In at least 178 states across the globe, countries have signed Unesco’s Convention for the Safeguarding of the Intangible Cultural Heritage, and now Switzerland and Britain are trying to get Watchmaking added to the list as one of those crafts. This convention lets states register (or apply for) “‘traditions or living expressions inherited from our ancestors and passed on to our descendants’ — such as crafts, skills and cultural events.” Once added to this list it gives that craft a status that attracts funding, business, and protection in the event that it is endangered. Watchmaking is slowly becoming one those skills that needs help from fading into the past because of how long it takes to be trained and with industrialization there has been some loss of skill. Watchmaking has been seen as a luxury business and only for the super wealthy but something as important as telling time should be protected because it isn’t only for the rich, its for everyone – its cultural.
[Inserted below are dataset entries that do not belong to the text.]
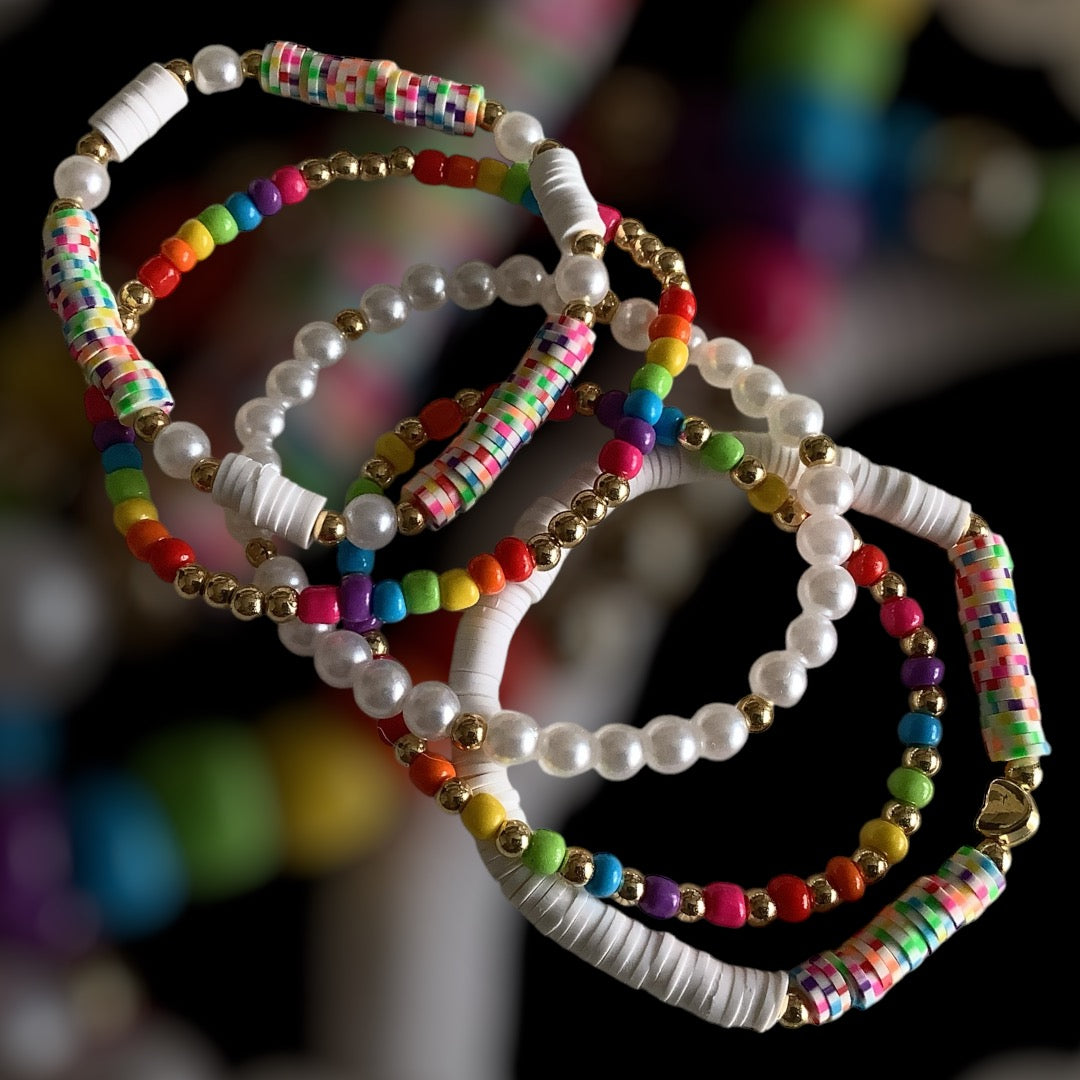 Rainbow Confetti bracelet stack – multicolour seed beads and pearl-look accents
Handmade 5-piece bracelet set with silver and bright colours
Playful bracelet stack with rainbow tones and party vibe – Rainbow Confetti
Colourful beaded stretch bracelets with pearls and clay discs
Bright 5-piece handmade bracelet set – perfect for gifting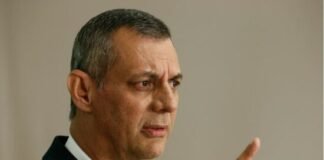 General detona Bolsonaro: “Prefere andar de jet ski e fazer churrasco do que trabalhar”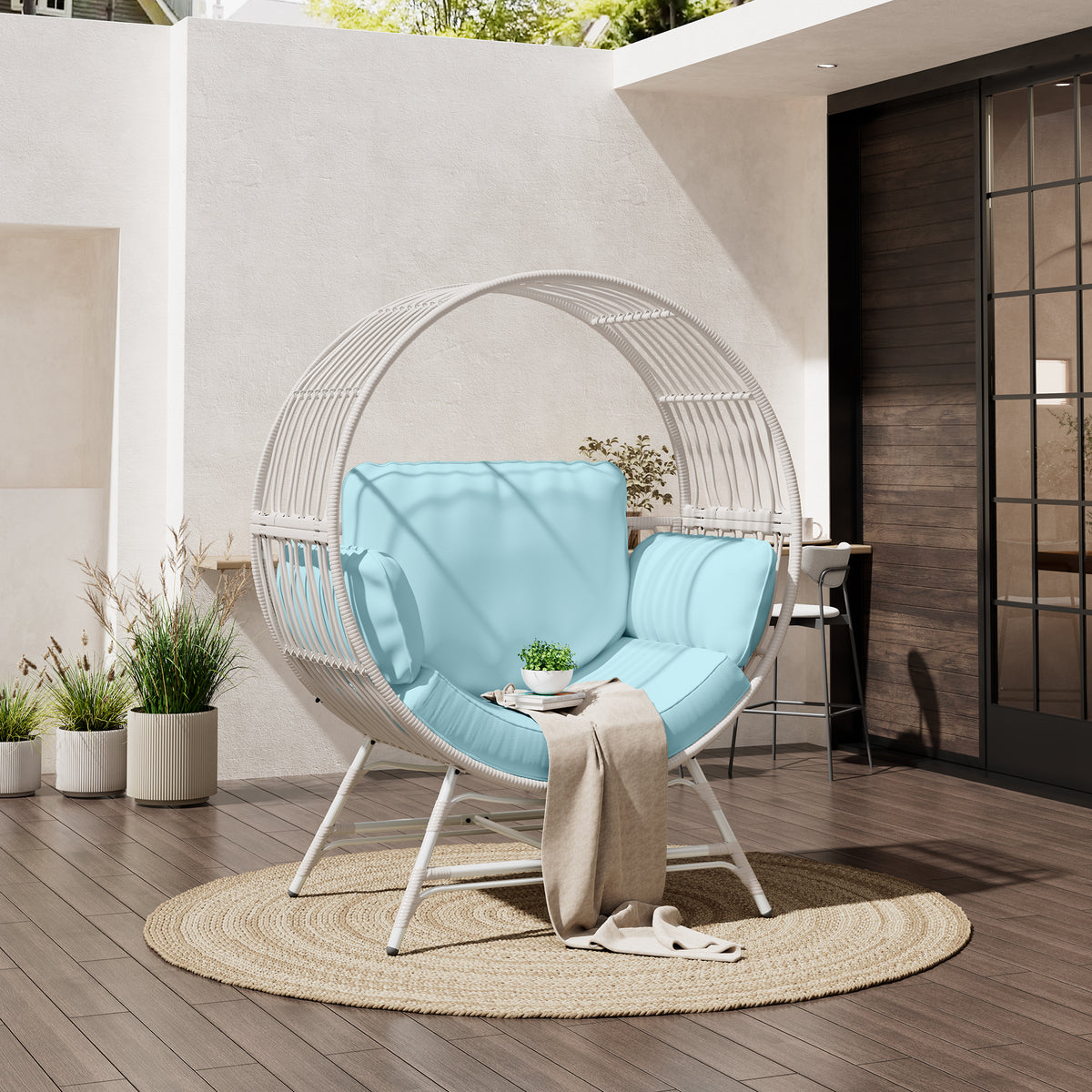 Oversized Outdoor Wicker Round Egg Chair with 4 Cushions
“Patricia Lovett, chairwoman of the Heritage Crafts Association, has been lobbying the government to sign the Unesco convention for almost 10 years.” The Association is about to publish it’s ‘Red List of Endangered Crafts’ which will include watchmaking and getting watchmaking added to Unesco’s list will certainly benefit Britain and its economy. With many crafters being pushed out of historic places in favor of high end developments and possibly less than “30 watchmakers in the U.K. who are commercially capable of making a watch from scratch to a very high standard,” this essential heritage would be protected under Unesco if added. Arts and crafts are not always taken as seriously as they should even though in 2015 they contributed around $11 billion to the British economy which is more than the richest soccer league in the country. So it makes sense to protect and shore up this essential corner of the market from a financial standpoint if not for the culture, heritage and knowledge of these skill sets.